Related: Delray dog owners get no special treatment from Boca

By Steve Plunkett

Friday the 13th was a day of firsts for city resident and pet owner Darlene Ward.
It was the first official day she could take Toby, her yellow Lab, onto the city’s new Bark Beach. Ward and her pet were also the first to hit the sand. And Ward was first in line two days earlier to buy the first permit Boca Raton issued.
“He’s been jumping in the waves,” said Ward, who arrived before the beach opened at 7 a.m. “I’m so excited.”
Bob Davidson, one of two park rangers assigned to the 300-yard-wide stretch of dog-friendly sand, confirmed Toby’s celebrity status.
“That’s the inaugural legal dog on the beach,” Davidson said.

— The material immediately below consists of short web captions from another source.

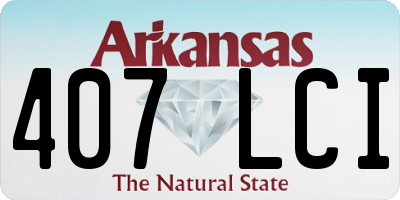 AR license plate 407LCI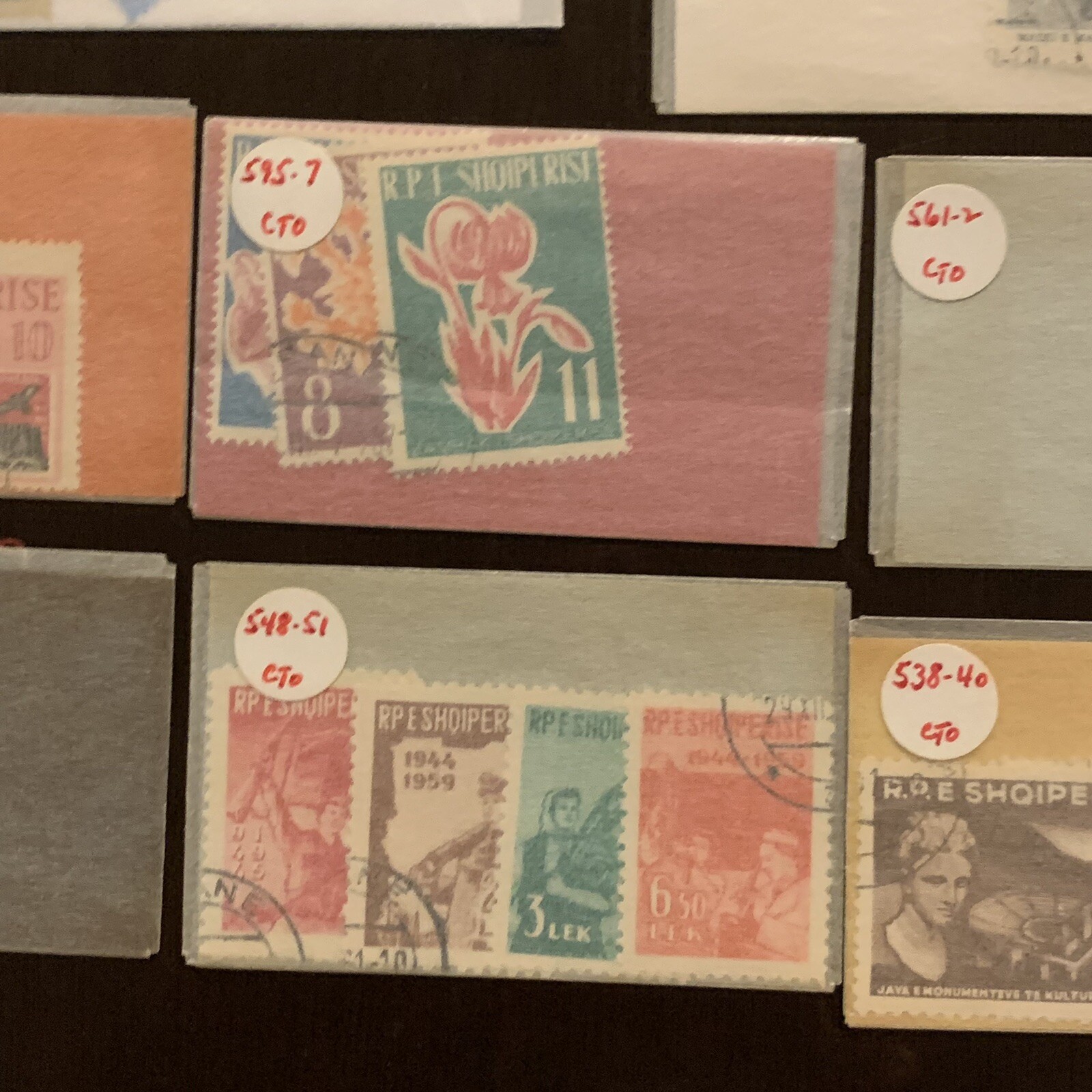 ALBANIA LOT OF STAMPS IN GLASSINES MINT, USED, CTO, SHORT SETS AND MORE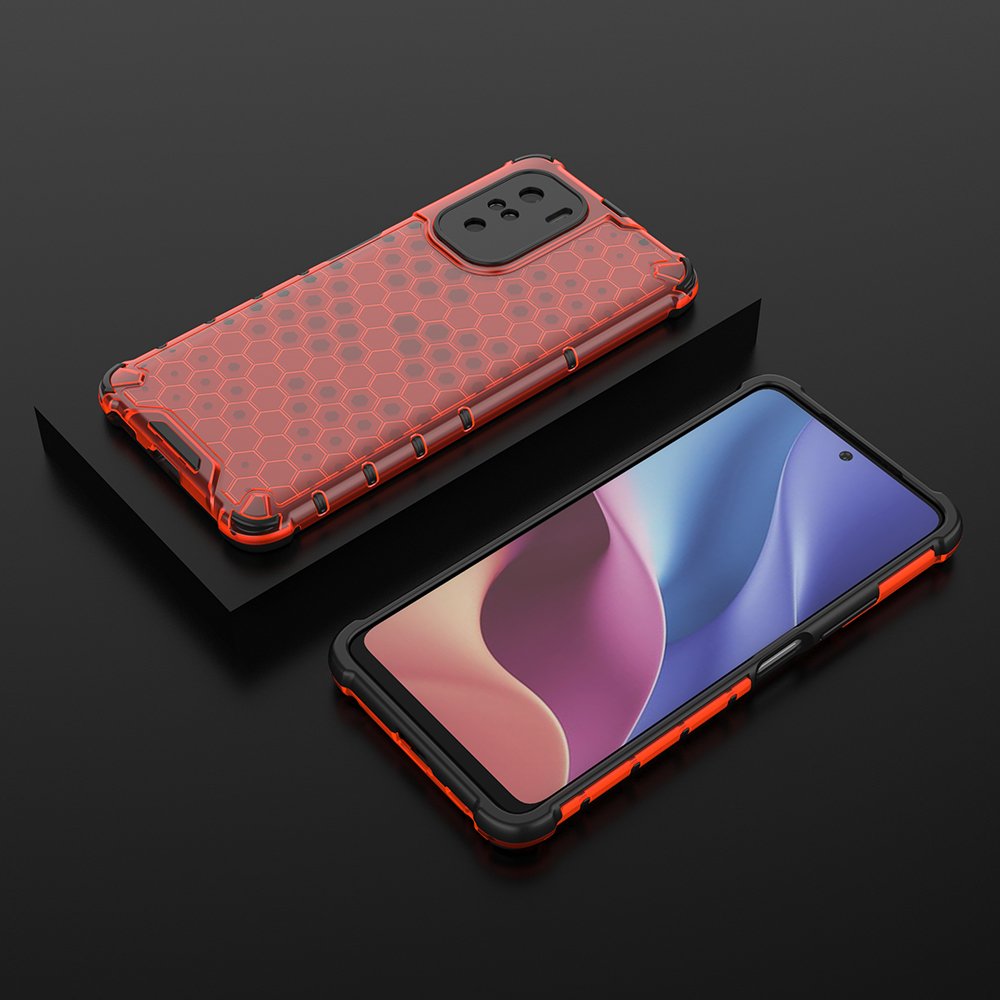 Pokrowiec pancerny Honeycomb czerwony Xiaomi Redmi K40 / 3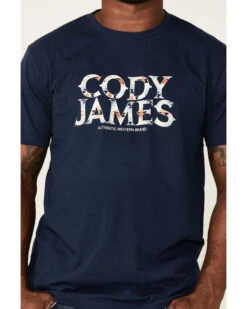 Cody James Men's Navy Southwestern Logo Short Sleeve T-Shirt  -Cody James Fashion Hub 2000352228 410 P3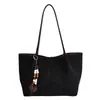 Bolsa Tote Leopardo Casual Simples Estilo Coreano Outono 2026 Grande Capacidade Fashionável Retro Ombro Transversal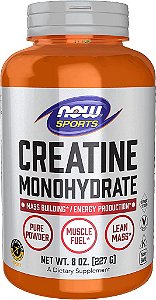 CREATINE MONOHYDRATE 227 GRAMAS - NOW FOODS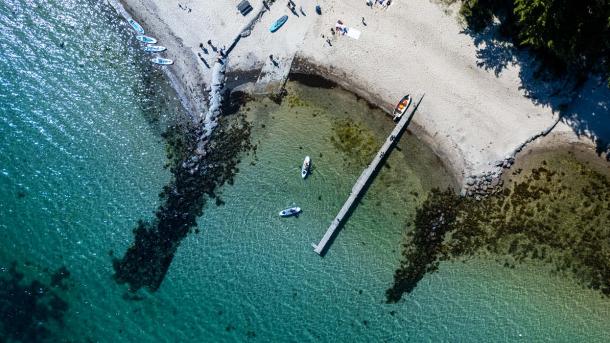 Ontdek het eiland Årø in Sønderjylland vanaf de Gammelbro Camping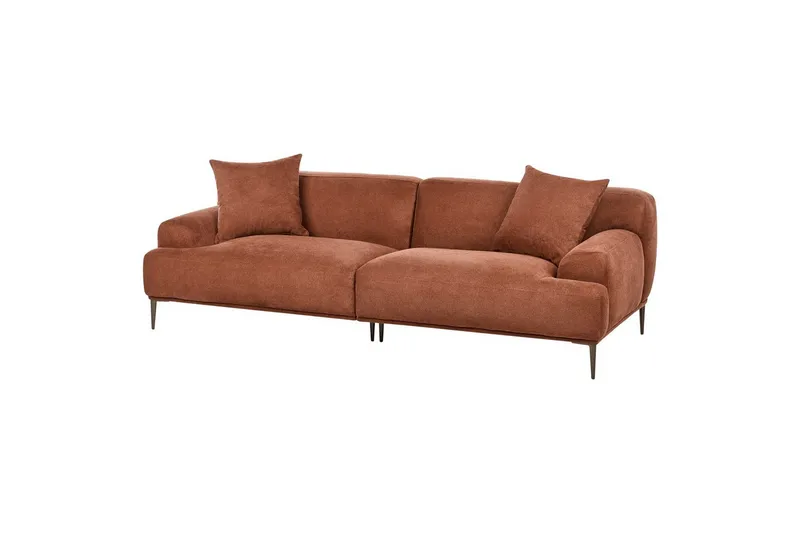 3-sitssoffa Beliani Matila Beige, brun Brown - Møbler - Sofaer - Sofa 3 seter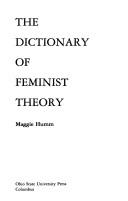 Copertina di The dictionary of feminist theory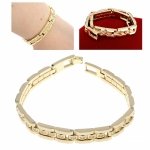 gold bracelet for a gold-plated leg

The dog beach, at the northern end of Spanish River Park, admits canines from 7 to 9 a.m. and 3 p.m. to sunset on Fridays, Saturdays and Sundays. Dog owners need an annual permit ($30 for residents of the city or the Greater Boca Raton Beach and Park District and $165 for nonresidents).
A three-day pass is $10 and can be purchased at the Spanish River Park gatehouse.

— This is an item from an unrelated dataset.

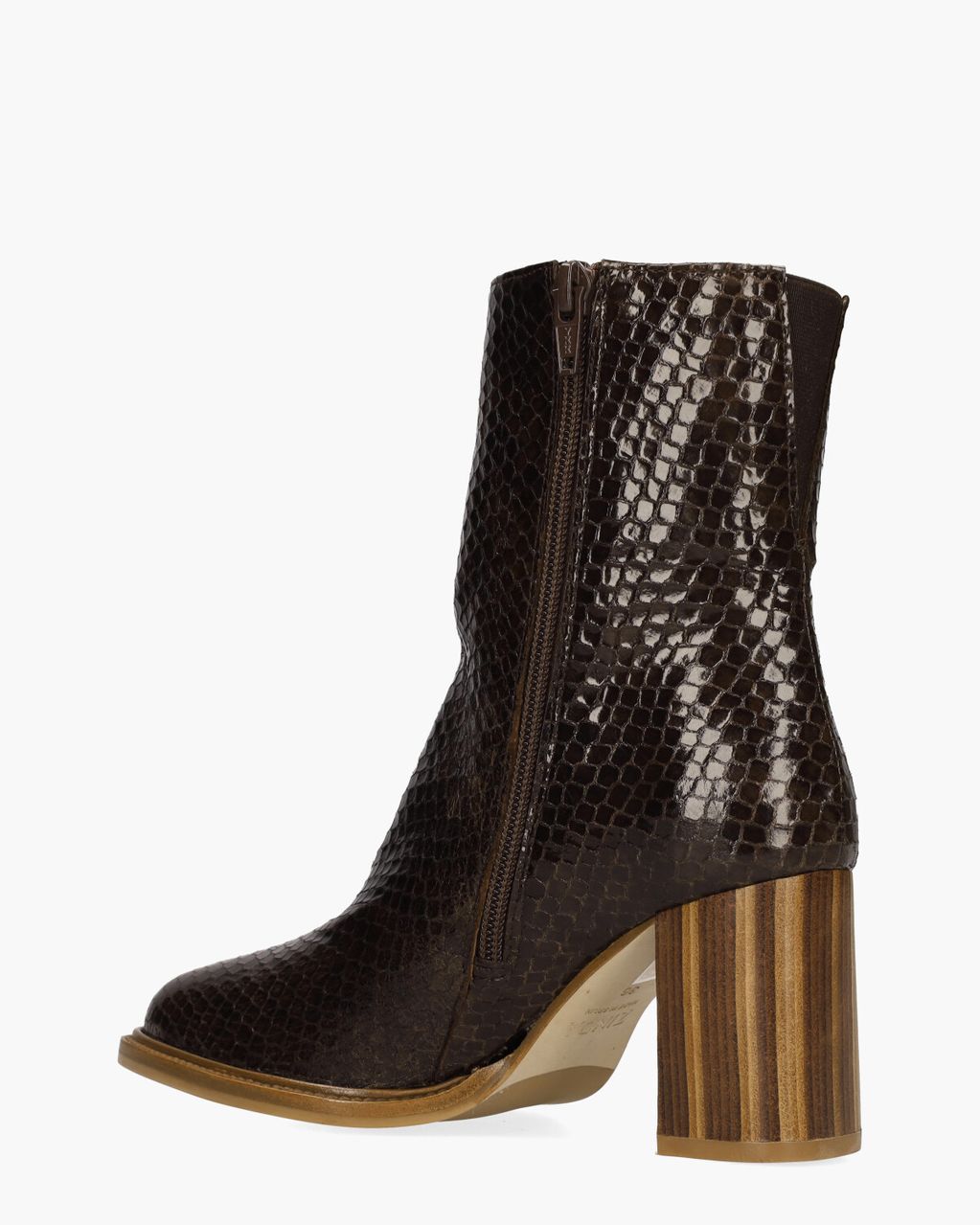 Zinda 3321 Donkerbruin Dames Enkelboots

Bark Beach welcomed a dozen or so dogs in its first hour. Dominee Banks, who lives in Boca Raton and works in Delray Beach, brought her 2-year-old Great Dane, Tikea, whose size unsettled some.
“He says I’ll love you to death,” Banks said.

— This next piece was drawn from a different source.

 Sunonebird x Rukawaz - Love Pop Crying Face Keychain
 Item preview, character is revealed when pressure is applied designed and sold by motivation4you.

“I’m just so excited you have no idea,” said Laurie Spear, who brought Luna and Caffie, her Portuguese water dogs.
Spear lived for a while in the Bahamas, which allows pets on its beaches, unlike most of South Florida. Fort Lauderdale and Jupiter were the only cities with dog-friendly sand until Boca Raton joined them.

Quincy, an Australian Labradoodle, plays with a tennis ball.

The first joint exposure to sand and surf left Susan Aronberg and her labradoodle, Quincy, wanting more. “I just wish they were open during the week as well,” she said.
The city wants it clear that “Bark Beach is a pilot program.” Permit applications have that statement printed across the top, Recreation Services Director Mickey Gomez said.
Permits are available at the community centers in Patch Reef and Sugar Sand parks. The city sold 346 resident permits and seven nonresident permits as of Dec. 30, making it more popular in its first month than Fort Lauderdale’s Canine Beach. Fort Lauderdale sells 250 permits a year (and charges nonresidents $45 a year).
Assistant City Manager Mike Woika said Bark Beach attendance averaged 20 dogs in the mornings and 35 dogs in the evenings for the first three weekends. A dog bit a 7-year-old boy on the beach Dec. 28. He was treated and is OK, Woika said.
“So far staff has reported only one instance of dog waste left on the beach,” Woika said.